» **Aim of the exercise**
How do the lines below between the ones holding "フォロー外してええですよー" and "3180 ポケカ 大量セット 旧カード BW DS 光り物まとめ 約100枚", inclusive, read? Give them again exactly, with no other lines.

» **Data**
━━━━━━━━

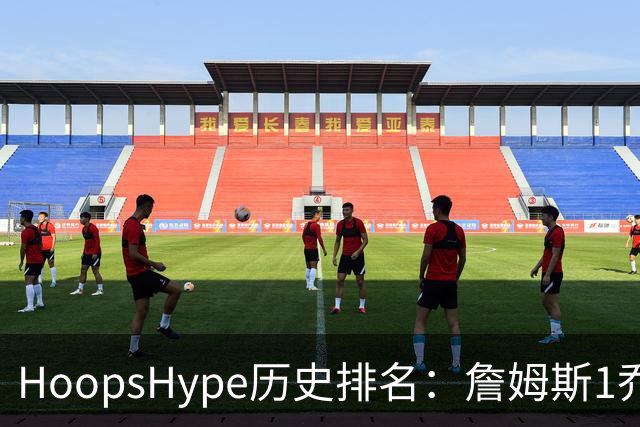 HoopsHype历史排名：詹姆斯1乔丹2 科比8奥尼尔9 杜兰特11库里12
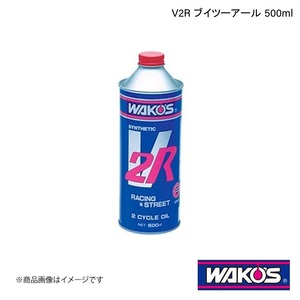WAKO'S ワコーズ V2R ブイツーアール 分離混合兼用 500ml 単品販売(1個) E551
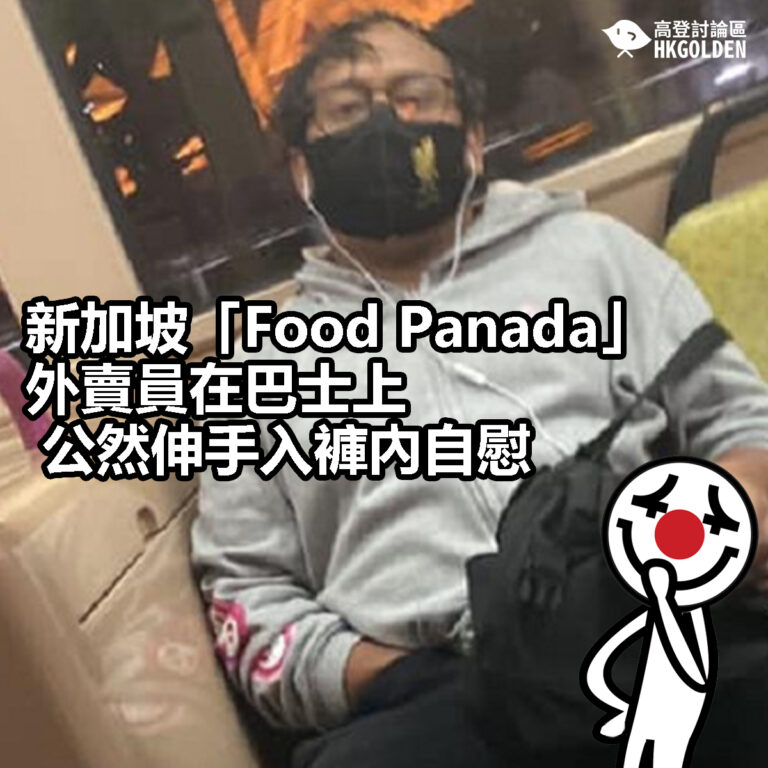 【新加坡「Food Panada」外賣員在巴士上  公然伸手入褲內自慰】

━━━━━━━━

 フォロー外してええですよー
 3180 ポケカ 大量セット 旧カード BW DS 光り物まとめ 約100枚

━━━━━━━━

» **Answer space**
 フォロー外してええですよー
 3180 ポケカ 大量セット 旧カード BW DS 光り物まとめ 約100枚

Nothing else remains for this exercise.